Вдох и выдох налегке.

И не видно и не слышно злополучных дурней тех, тех тяжелых, душных, пышных наших преющих коллег, прущих, лезущих без мыла

с Вознесенским во главе.

Тех, кого хотел Эмильич палкой бить по голове.

Мы не будем бить их палкой. Стырим воздух и уйдем. Синий-синий, жалкий-жалкий нищий воздух сбережем.

9

Мы не жали, не потели, не кляли земной удел, мы не злобились, а пели то, что синий воздух пел.

Ах, мы пели — это дело!

Это — лучшее из дел!..

Только волос поседел.

Только голос, только голос истончился, словно луч, только воздух, воздух, воздух струйкой тянется в нору, струйкой тоненькой сочится, и воздушный замок наш в синем сумраке лучится, в ледяной земле таится, и таит, и прячет нас!

И воздушный этот замок (Ничего, что он в земле, ничего, что это яма) носит имя Мандельштама, тихо светится во мгле!

И на улице на этой, а вернее, в яме той праздника все также нету.

И не надо, дорогой.

10

Так тебе и надо, Миша!

Так и надо, Миша, мне!..

Тише. Слышишь? Вот он, слышишь?

В предрассветной тишине

над сугробами столицы

вот он, знак, и вот он, звук,

синим воздухом струится,

наполняя бедный слух!

Слышишь? Тише. Вот он, Миша! Ледяной проточный звук!

Вот и счастье выше крыши, выше звезд на башнях, выше звезд небесных, выше мук творчества, а вот и горе, вот и пустота сосет.

Синий ветер на просторе грудь вздымает и несет.

Воздух краденый поет.

ЭПИТАФИИ БАБУШКИНОМУ ДВОРУ

1

Ты от бега и снега налипшего взмок. Потемневший, подтаявший гладкий снежок ты сжимаешь в горячей ладошке и сосешь воровато и жадно, хотя пить от этого хочешь сильнее.

Жарко... Снять бы противный девчачий платок из-под шапки... По гладкой дорожке, разогнавшись, скользишь, но полметра спустя — вверх тормашками, как от подножки.

Солнце светит — не греет. А все же печет. И в цигейке с родного плеча горячо, жарко дышит безгрешное тело.

И болтаются варежки у рукавов,

и прикручены крепко снегурки...

Ледяною корою покрылся начес на коленках. И вот уже целый месяц елка в зеркальных пространствах шаров искривляет мир комнаты белой.

И ангиной грозит тебе снег питьевой.

Это, впрочем, позднее. А раньше всего, сладострастней всего вспоминаешь четкий вафельный след от калош на пустом, на первейшем крахмальном покрове.

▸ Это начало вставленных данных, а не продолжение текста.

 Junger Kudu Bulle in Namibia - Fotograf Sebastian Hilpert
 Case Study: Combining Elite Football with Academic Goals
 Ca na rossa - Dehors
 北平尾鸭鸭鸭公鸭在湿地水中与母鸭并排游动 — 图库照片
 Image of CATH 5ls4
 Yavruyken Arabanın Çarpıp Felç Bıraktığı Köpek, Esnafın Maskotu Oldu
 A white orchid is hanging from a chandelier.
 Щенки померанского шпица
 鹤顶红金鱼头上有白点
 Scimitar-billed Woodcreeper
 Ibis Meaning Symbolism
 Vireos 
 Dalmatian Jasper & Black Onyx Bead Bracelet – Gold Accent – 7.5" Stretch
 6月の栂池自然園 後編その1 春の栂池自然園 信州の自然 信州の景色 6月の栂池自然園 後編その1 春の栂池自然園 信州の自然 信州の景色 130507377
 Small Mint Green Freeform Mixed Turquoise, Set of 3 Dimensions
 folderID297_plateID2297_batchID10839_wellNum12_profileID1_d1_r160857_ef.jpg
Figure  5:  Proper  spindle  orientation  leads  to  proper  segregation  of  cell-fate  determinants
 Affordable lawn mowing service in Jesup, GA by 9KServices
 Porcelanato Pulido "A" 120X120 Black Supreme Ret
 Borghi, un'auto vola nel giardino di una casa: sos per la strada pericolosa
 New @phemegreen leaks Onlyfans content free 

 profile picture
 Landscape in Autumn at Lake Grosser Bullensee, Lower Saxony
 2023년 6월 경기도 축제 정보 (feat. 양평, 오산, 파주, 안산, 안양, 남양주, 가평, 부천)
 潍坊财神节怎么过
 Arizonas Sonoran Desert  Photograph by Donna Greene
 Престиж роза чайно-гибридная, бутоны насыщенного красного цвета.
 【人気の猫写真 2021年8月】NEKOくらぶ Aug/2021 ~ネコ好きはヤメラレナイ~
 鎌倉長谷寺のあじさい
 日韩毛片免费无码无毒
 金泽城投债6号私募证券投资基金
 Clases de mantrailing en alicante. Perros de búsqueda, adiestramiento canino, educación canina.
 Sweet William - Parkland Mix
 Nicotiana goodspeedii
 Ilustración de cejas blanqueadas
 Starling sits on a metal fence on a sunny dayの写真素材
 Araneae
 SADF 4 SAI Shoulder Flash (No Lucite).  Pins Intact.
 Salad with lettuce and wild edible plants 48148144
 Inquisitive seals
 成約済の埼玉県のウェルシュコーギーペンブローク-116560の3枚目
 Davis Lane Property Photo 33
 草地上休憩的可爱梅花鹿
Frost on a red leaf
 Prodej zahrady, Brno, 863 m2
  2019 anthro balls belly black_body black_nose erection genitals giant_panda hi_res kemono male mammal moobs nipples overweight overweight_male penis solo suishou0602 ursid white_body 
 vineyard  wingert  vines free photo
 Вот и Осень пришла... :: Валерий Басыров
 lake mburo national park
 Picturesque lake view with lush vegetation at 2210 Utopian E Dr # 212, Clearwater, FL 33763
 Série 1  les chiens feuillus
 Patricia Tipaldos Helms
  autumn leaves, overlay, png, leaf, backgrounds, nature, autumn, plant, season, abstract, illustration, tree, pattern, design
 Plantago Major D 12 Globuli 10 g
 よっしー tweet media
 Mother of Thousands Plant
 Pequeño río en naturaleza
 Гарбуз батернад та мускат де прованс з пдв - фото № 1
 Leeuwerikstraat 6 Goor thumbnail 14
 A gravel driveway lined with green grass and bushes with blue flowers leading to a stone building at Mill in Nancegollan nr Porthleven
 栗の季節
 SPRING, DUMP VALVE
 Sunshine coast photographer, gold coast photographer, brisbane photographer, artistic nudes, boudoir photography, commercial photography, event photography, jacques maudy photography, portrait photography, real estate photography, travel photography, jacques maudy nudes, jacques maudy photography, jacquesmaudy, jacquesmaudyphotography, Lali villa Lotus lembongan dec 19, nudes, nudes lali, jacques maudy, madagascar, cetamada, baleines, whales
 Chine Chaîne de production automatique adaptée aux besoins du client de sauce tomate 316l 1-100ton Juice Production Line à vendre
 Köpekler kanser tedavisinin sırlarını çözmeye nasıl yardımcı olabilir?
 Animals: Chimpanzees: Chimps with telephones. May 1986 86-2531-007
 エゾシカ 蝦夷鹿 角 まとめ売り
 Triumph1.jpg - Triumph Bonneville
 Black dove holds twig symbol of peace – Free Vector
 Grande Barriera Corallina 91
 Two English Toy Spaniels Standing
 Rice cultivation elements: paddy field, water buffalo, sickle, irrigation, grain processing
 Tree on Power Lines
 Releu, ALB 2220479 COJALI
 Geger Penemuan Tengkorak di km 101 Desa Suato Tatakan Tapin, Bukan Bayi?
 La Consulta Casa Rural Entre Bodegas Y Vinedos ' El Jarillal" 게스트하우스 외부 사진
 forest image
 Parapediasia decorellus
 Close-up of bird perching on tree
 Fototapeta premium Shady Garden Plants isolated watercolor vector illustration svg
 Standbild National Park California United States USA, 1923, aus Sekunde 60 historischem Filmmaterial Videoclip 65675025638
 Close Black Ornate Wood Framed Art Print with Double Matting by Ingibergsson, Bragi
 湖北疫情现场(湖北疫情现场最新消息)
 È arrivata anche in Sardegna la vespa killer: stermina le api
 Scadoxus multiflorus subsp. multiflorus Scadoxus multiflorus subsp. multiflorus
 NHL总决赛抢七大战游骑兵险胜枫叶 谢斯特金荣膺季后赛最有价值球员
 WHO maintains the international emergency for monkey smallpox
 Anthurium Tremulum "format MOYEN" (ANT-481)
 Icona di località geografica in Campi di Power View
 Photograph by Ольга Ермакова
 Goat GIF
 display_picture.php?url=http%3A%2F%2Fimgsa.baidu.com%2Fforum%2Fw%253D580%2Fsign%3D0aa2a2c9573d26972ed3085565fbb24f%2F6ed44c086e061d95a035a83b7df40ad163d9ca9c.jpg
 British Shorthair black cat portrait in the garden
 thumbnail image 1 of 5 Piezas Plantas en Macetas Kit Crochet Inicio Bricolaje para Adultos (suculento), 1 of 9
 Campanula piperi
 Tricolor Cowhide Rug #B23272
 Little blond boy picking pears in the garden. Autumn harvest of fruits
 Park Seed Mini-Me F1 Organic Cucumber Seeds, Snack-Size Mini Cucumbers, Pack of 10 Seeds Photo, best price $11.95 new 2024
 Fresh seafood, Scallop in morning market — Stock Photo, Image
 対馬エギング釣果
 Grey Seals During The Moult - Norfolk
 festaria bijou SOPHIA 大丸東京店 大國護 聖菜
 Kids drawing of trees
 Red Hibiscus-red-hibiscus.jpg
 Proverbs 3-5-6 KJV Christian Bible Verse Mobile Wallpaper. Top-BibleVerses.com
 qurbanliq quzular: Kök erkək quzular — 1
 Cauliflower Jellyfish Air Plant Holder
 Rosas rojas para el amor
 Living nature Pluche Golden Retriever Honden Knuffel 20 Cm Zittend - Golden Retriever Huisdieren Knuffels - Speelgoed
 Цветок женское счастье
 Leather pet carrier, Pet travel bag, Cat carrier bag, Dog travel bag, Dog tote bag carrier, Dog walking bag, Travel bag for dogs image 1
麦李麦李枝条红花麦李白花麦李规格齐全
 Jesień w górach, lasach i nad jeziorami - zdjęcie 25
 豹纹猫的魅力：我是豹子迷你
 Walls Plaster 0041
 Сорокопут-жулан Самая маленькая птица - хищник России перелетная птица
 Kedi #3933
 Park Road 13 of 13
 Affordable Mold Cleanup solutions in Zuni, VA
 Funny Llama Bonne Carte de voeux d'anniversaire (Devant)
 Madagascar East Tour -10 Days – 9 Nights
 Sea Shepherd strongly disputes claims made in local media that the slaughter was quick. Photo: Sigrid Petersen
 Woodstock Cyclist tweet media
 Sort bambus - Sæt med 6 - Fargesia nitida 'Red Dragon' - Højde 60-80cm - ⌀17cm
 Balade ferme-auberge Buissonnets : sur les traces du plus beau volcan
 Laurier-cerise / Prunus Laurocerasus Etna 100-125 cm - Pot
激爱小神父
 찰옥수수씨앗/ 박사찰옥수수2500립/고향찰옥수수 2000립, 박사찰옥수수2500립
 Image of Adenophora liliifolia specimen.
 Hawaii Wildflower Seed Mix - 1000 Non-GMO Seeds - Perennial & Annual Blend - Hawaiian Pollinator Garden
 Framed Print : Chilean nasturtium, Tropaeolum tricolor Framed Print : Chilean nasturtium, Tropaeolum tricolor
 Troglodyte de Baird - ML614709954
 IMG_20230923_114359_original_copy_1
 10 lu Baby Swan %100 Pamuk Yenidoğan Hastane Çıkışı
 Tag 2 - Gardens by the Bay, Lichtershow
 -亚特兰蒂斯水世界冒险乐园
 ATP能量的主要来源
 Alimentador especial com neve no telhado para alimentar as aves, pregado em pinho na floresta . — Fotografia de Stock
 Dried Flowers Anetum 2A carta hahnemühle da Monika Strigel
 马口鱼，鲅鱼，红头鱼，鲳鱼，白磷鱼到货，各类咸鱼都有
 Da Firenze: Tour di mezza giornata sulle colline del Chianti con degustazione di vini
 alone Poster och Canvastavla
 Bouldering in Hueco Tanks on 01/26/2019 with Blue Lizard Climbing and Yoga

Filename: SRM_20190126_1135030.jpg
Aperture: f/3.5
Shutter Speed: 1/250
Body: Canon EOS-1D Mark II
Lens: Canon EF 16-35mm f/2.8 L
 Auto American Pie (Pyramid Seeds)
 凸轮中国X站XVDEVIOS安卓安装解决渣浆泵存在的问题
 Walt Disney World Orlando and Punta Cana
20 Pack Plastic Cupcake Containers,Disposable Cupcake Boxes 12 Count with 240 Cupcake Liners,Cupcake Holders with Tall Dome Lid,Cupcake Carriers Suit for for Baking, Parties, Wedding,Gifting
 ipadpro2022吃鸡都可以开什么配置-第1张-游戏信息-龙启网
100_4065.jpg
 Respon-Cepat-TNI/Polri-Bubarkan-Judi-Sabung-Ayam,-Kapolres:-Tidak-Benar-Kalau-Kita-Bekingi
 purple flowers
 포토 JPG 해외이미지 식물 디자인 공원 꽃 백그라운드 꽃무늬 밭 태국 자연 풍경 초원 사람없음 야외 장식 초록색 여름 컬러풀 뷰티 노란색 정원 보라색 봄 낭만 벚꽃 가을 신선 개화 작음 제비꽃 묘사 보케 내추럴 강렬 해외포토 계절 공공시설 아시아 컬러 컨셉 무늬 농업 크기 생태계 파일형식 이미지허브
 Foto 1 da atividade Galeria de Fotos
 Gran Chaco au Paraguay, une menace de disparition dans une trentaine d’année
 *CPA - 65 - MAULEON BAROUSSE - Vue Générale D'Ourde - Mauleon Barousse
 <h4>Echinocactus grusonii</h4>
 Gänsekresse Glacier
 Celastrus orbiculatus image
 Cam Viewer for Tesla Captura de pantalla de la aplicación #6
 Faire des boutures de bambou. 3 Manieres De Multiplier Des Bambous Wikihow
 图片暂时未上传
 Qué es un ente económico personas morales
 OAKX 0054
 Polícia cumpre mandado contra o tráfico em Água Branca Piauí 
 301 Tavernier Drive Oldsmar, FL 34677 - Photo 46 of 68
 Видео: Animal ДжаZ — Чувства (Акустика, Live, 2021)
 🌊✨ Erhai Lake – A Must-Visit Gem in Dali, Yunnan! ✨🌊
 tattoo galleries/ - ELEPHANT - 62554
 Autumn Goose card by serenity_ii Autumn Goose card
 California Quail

И земля с еще свежей зеленой травой обнажится, когда ты катаешь мокрый снег, налипающий пласт за пластом, и пузатую бабу ваяешь.

У колонки наросты негладкого льда...

Снегири... Почему-то потом никогда

не видал их... А может, и раньше видел лишь на «Веселых картинках», и сам перенес их на нашу скамейку...

Только это стоит пред глазами всегда.

С меха шубки на кухне стекает вода.

Ты в постели свернулся в клубок и примолк, вспоминаешь «Письмо неумейке».